I’m done with words today.
Maybe it's a cloudy month of winter talking (or not talking) but its certainly a clear feeling. What I really want is to be drowned in loud music I can feel in my organs and I want to dance and sweat until I can’t move anymore. I want to be swallowed up with motion, letting my body move itself in whatever way, untracked, non-verbal, without any agenda except to surrender to aliveness. It feels like some kind of prayer.In my first year in NYC, in 1998, I would go to “Body and Soul” a house party at a club in the west village that was largely alcohol and substance free.
It started at 3pm, and the DJ-genius Francois K and others played to the most mixed up, eclectic crowd of a pulsing, dancing human herd. People came. To. Dance.I would bring a backpack with a change of clothes and a water bottle because I would get soaked through with sweat, and well, that doesn’t bode well for a long subway ride home. The best part? I was home by 9pm. And I love an early bedtime. When I think back to the way it felt to move, with people, without conversation, without phones in-hand, without knowing anyone and leaving with nothing, I feel a deep longing.
Not so much for the dance (I get to dance all the time) but for that kind of togethering. It was like being in a gorgeous storm with a whole lot of people, saving themselves and each other by letting the forces move them. And no one was talking and no one was capturing it to tell anyone about what they were missing. (Ugh, yes, I do hear my grumpy old man creeping in here..”in my day….”) What I want to share is NOT that now everything is worse, and back then it was better, blah blah blah…What I want to share is that visceral experience, the experience of being swallowed whole by a rhythm and togetherness through movement.

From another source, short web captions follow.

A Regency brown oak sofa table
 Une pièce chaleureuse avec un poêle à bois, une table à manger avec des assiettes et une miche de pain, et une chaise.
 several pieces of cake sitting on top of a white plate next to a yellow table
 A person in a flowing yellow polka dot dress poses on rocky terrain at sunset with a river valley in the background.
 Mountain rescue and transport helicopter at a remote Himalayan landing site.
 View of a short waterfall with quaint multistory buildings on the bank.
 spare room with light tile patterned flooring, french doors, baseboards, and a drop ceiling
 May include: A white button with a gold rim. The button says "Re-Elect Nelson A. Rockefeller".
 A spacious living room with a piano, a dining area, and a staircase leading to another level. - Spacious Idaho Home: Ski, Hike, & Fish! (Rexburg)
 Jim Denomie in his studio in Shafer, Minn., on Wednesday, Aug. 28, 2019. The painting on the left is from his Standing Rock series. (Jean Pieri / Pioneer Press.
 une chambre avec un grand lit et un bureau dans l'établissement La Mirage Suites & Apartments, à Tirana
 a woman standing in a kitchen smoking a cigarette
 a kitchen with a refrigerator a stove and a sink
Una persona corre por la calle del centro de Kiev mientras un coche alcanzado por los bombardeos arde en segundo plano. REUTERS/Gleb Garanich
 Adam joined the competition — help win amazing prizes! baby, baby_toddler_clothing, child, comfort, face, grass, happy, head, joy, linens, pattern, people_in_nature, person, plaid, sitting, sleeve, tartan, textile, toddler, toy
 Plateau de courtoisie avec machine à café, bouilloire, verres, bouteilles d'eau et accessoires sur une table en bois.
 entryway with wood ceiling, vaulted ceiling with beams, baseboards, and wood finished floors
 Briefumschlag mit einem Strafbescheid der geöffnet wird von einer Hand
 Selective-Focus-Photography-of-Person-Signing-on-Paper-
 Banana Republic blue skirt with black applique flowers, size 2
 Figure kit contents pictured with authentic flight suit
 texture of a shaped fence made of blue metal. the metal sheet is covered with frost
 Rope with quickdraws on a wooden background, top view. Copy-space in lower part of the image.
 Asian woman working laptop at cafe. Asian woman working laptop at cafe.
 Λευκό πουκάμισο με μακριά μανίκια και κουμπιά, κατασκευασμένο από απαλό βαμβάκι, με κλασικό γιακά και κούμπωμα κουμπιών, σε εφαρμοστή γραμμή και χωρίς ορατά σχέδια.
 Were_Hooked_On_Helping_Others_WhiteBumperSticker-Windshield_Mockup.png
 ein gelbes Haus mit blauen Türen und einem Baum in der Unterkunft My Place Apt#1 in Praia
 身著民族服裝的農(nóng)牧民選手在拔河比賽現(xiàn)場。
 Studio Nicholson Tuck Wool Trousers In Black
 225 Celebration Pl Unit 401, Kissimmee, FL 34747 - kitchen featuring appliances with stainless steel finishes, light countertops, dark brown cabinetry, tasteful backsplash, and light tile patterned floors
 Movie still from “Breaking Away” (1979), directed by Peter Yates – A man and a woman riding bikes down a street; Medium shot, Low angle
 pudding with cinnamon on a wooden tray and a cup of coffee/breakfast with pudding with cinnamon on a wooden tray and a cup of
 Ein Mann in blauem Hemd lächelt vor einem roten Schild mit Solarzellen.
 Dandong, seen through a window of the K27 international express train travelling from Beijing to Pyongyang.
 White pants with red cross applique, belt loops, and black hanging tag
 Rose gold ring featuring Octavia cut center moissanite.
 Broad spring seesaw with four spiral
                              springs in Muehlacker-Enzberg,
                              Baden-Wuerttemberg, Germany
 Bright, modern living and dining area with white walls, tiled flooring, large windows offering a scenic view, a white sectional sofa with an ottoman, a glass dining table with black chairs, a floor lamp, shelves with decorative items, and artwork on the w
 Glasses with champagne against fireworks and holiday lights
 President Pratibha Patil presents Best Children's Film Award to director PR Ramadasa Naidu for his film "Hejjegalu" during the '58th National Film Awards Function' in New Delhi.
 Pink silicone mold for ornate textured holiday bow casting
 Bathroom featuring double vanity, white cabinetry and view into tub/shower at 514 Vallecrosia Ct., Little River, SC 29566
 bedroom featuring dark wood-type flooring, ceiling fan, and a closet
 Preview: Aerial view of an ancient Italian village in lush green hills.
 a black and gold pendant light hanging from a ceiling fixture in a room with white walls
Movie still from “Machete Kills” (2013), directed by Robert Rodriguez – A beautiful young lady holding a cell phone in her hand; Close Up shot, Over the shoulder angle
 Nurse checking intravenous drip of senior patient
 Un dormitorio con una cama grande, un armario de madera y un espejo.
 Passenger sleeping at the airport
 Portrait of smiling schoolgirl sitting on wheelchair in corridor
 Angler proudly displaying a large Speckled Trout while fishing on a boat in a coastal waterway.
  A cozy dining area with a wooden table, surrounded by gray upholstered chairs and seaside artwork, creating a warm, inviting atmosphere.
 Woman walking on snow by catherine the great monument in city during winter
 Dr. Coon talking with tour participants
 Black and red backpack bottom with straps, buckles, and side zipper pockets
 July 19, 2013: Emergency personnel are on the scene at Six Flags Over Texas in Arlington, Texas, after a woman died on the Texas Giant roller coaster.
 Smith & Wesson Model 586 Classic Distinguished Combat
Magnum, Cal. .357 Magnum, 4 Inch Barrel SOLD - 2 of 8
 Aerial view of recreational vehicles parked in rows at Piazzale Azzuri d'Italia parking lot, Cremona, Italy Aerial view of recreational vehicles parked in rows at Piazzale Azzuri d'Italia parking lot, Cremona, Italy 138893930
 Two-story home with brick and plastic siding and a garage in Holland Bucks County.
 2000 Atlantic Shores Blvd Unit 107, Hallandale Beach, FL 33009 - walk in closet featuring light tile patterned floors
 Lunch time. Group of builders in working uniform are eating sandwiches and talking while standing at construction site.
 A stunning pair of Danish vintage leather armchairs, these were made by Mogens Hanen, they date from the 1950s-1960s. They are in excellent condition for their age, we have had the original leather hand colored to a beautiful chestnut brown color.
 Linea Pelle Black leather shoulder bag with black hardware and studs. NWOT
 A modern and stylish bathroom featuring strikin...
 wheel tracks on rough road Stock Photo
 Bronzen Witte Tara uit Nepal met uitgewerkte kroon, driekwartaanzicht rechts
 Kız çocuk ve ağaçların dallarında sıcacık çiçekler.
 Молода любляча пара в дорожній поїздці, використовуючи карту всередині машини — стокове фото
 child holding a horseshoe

The way we are when we stop explaining ourselves to each other, and make space for each person’s moves, and the collective flow. Finding self and another through the body has maybe taken up the most space in my heart. When I led an authentic movement workshop this last Sunday in my local studio, I got a little glimpse of that. It wasn’t like the storm of a club. And we weren’t swallowed. And there definitely was talking. But for about 20 minutes, people found themselves, and found the group and I’d like to think that they were saving themselves and each other by simply being authentically alive together.I felt fed for days.